CAPITOLO LUNGHI. «Abbiamo giocato a lungo senza Bruttini, tirando così il collo a Benvenuti. La squadra non era stata pensata in questo momento. Finalmente ora stiamo tornando a una rotazione dei minuti più consona e ne sta guadagnano il rendimento di tutti. Innanzitutto di Davide, che è un giocatore di qualità e una garanzia per 20’. Se deve giocare dieci minuti in più, partendo in quintetto, fatica, come normale che sia. Benvenuti è un giocatore poco appariscente ma importante per tutte le ‘chiusure’ che fa in difesa. Recuperandone uno, insomma, ne stiamo guadagnando due».
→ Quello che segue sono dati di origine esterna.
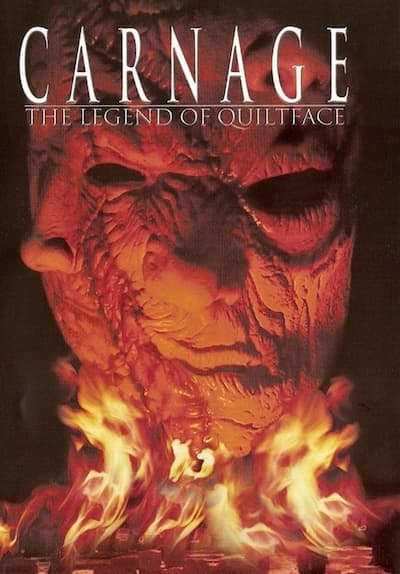 Carnage: The Legend of Quiltface Full Movie Poster Image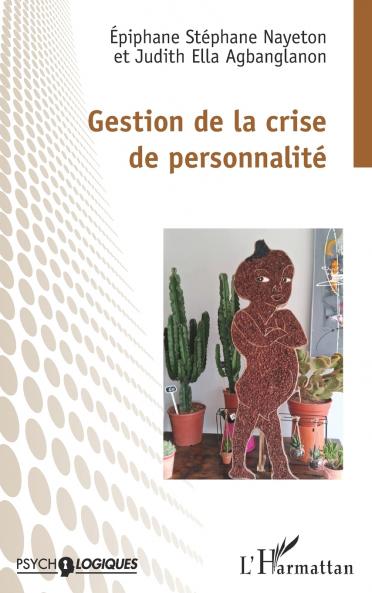 Gestion de la crise  de personnalité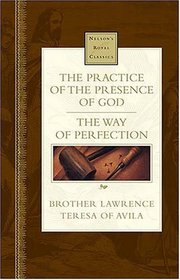 The Practice Of The Presence Of God and The Way Of Perfection (Nelson's Royal Classic)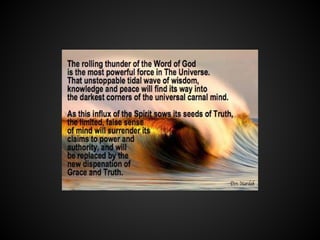 The Rolling Thunder of the Word of God is the Most Powerful Force in the Universe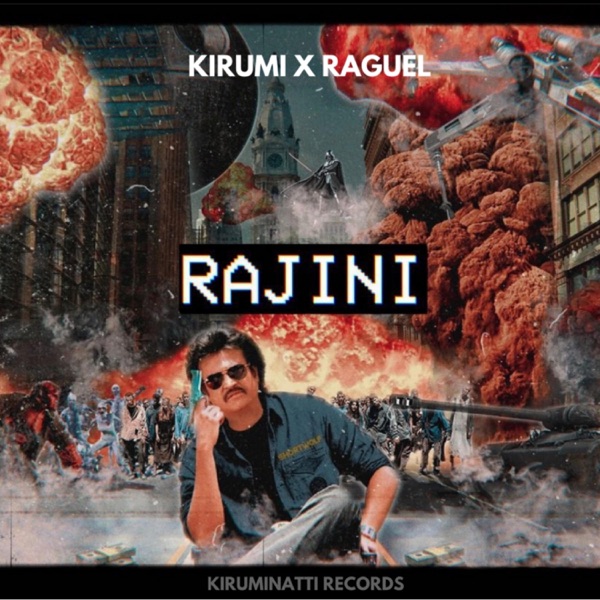 Rajini (feat. Kirumi)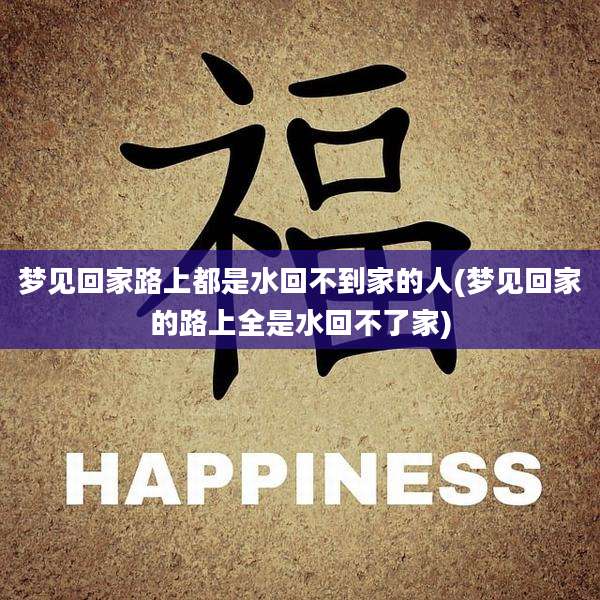 梦见回家路上都是水回不到家的人(梦见回家的路上全是水回不了家)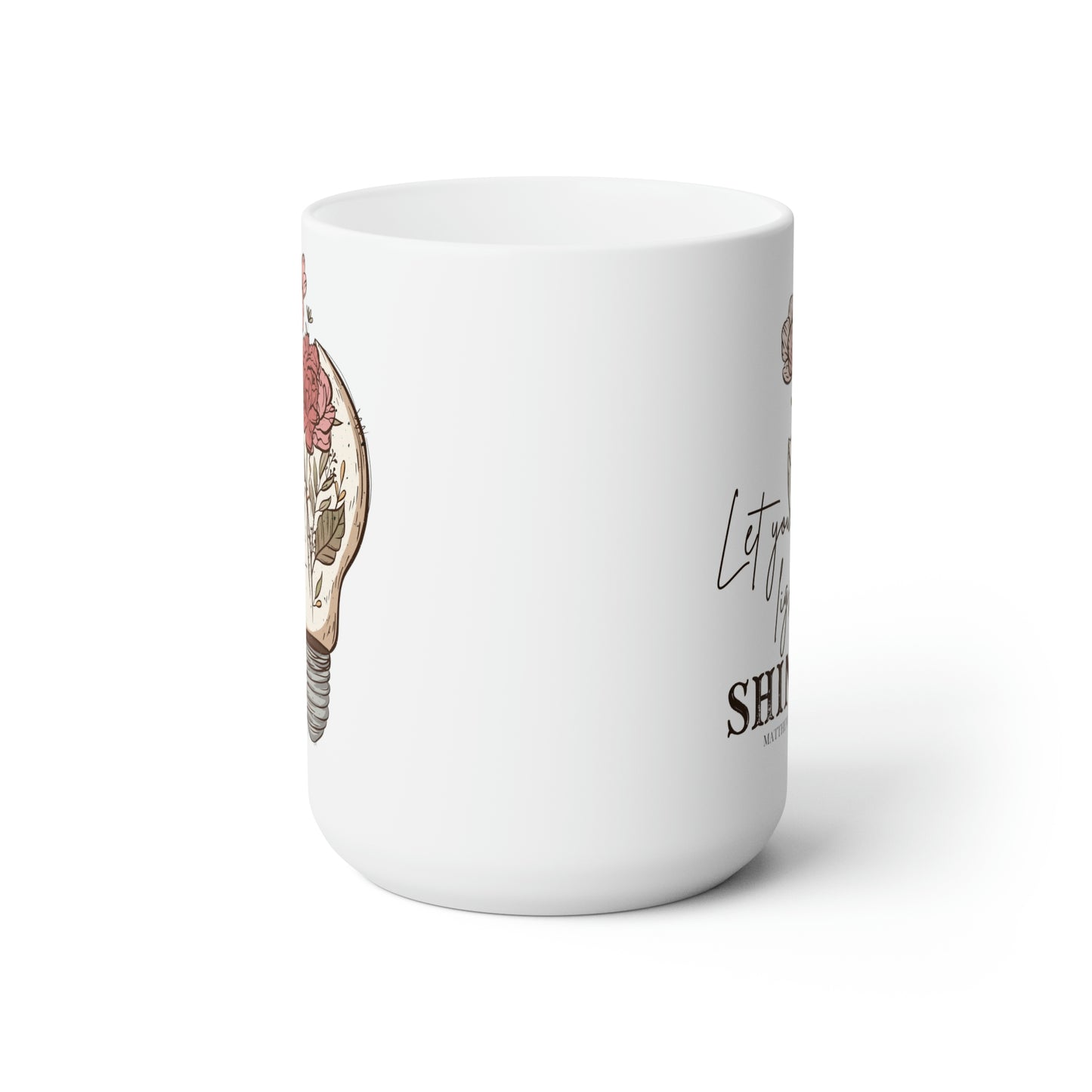Let Your Light Shine Roses Ceramic Mug 15oz
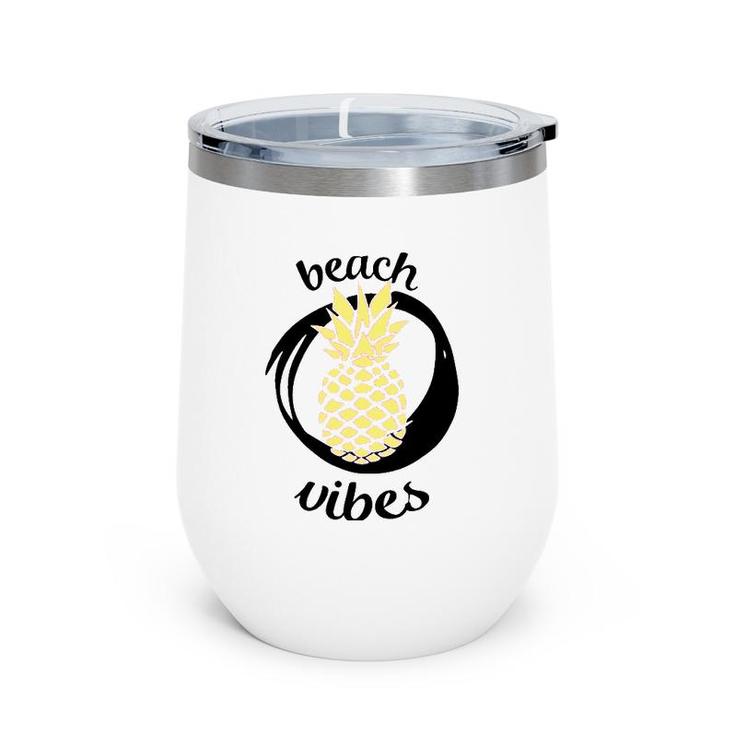 Beach Vibes  - Funny Pineapple Vacation  Plus Size Wine Tumbler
TRA APPROCCIO E… PUBBLICO. «Della partita contro Fabriano, abbiamo riguardato soltanto il primo quarto, perché dobbiamo avere tutt’altro approccio. Purtroppo siamo stati troppo ‘morbidi’ in avvio, anche se il ‘contorno’ non aiutava. Al palasport non c’era pubblico, si giocava con l’ultima: inconsciamente, pur non dovendo, può capitare che non si accendano tutti gli ‘allarmi’. Comunque è un errore che contro Chiusi non deve succedere. Tra l’altro, l’ultima in casa, contro Ferrara, abbiamo potuto contare su un palazzetto molto caldo e ‘partecipativo’, che ci ha aiutato moltissimo. In epoca Covid non è scontato avere questo pubblico. Spero che anche contro l’Umana sia così. La nostra gente potrà essere un fattore».